Karlovy Vary 2019 Review: ‘The Dead Don’t Die’ an amusingly droll Jarmusch zombie flick

A droll Jim Jarmusch zombie movie that delivers pretty much exactly what you’d expect from a Jim Jarmusch zombie movie, The Dead Don’t Die opened to some pretty chilly reviews upon its US release earlier this month but was warmly received during a recent screening at this year’s Karlovy Vary International Film Festival.

Don’t let the cool reception turn you off: while The Dead Don’t Die never quite reaches the highs of the best Jarmusch films, it slides in nicely into the filmmakers’ eclectic oeuvre, and never gets as draggy as some of his more patience-testing affairs (The Limits of Control). Fans of the director should find this right up their alley.

Of course, general audiences expecting anything in the realm of a traditional horror movie or comedy would be best advised to stay away.

In The Dead Don’t Die, Bill Murray and Adam Driver star as small-town cops Cliff Robertson and Ronnie Peterson, respectively, who barely bat an eye when the local hermit (Tom Waits) fires a shot at them in the film’s opening sequence. The incoming zombie apocalypse - a result of “polar fracking” causing the Earth to spin of its axis, TV news reports tell us - generates only slightly more mild interest from the pair.

As Cliff and Ronnie investigate a brutal attack at a diner that has resulted in two partially eaten corpses (Iggy Pop amusingly cameos as one of the undead attackers), Driver’s Ronnie is quick to identify zombies as the culprit. He seems to know a lot more about what’s in store than the other characters, including fellow officer Mindy Morrison (Chloë Sevigny) for reasons that become increasingly amusing as the film goes on.

“Why is this song so familiar?” Murray’s Cliff asks his partner as Sturgill Simpson’s The Dead Don’t Die comes on over the radio.

“Oh, that’s because it’s the theme song,” Ronnie helpfully replies.

Murray and Driver played the protagonists of two of Jarmusch’s very best movies - Broken Flowers and Paterson, respectively - and they’re the very best thing that The Dead Don’t Die has going for it. As each competes to out-deadpan the other (Driver wins in that regard, by the way) the two characters build up an engaging rapport and kinda-sorta almost make you care about them.

Of course, this is a zombie horror film that needs to up the body count, and The Dead Don’t Die accomplishes that by featuring a plethora of wonderful character actors in minor roles that don’t add a whole lot to the overall story.

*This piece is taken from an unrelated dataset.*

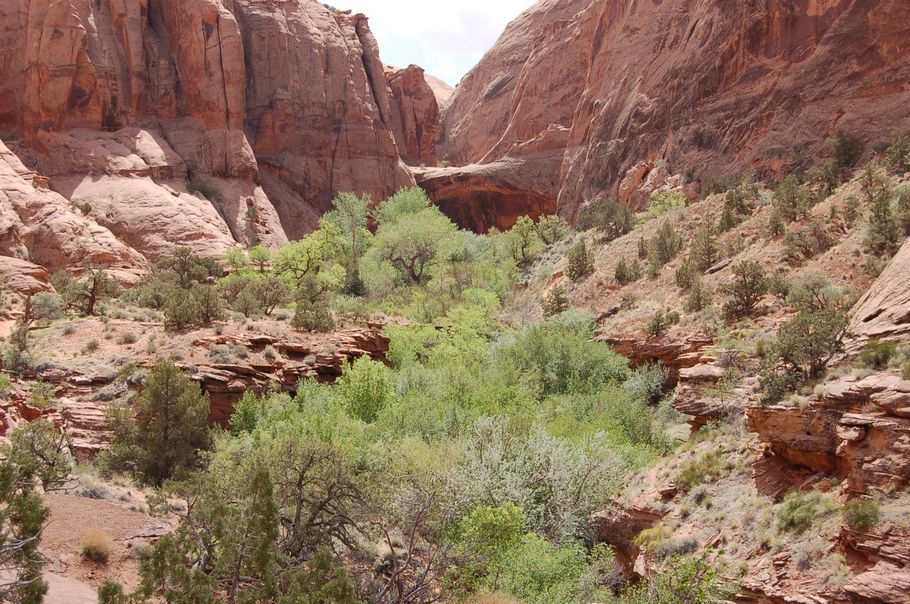 Red canyon landscape with green shrubs and a rocky ravine under clear daylight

Besides Waits, whose hermit Bob represents something of a Greek chorus, there’s also Caleb Landry Jones as a sensitive local gas station attendant and horror movie expert, and Danny Glover as a local merchant; the two barricade themselves in a hardware store to ward off the zombie attack. Steve Buscemi also shows up as a local farmer sporting a “Make America White Again” cap.

A trio of youths (Maya Delmont, Taliyah Whitaker, and Jahi Di'Allo Winston) witness the undead overtake their boarding home, while a trio of older kids (Selena Gomez, Austin Butler, and Luka Sabbat) make the unfortunate decision to stop in town for the night at a hotel managed by low-budget horror movie icon Larry Fessenden.

And then there’s Tilda Swinton, boasting a thick Scottish brogue, as the local moritican who also happens to be an expert katana-swinger (shades of The Walking Dead’s Michonne) who makes for a prime zombie slayer.

Each of these characters gets their own independent little storyline, but few generate anything above mild amusement; I often found myself wishing The Dead Don’t Die stuck with the Murray-Driver scenes, and featured the other players as supporting cast only in the tertiary.

Still, The Dead Don’t Die is a genuinely funny, surprisingly gory little romp (the zombie makeup effects are excellent, though the action CGI could use some work) that delivers on its own terms. Jarmusch fans as well as old horror aficionados will find a lot to like here, even when the narrative turns as sluggish as the undead.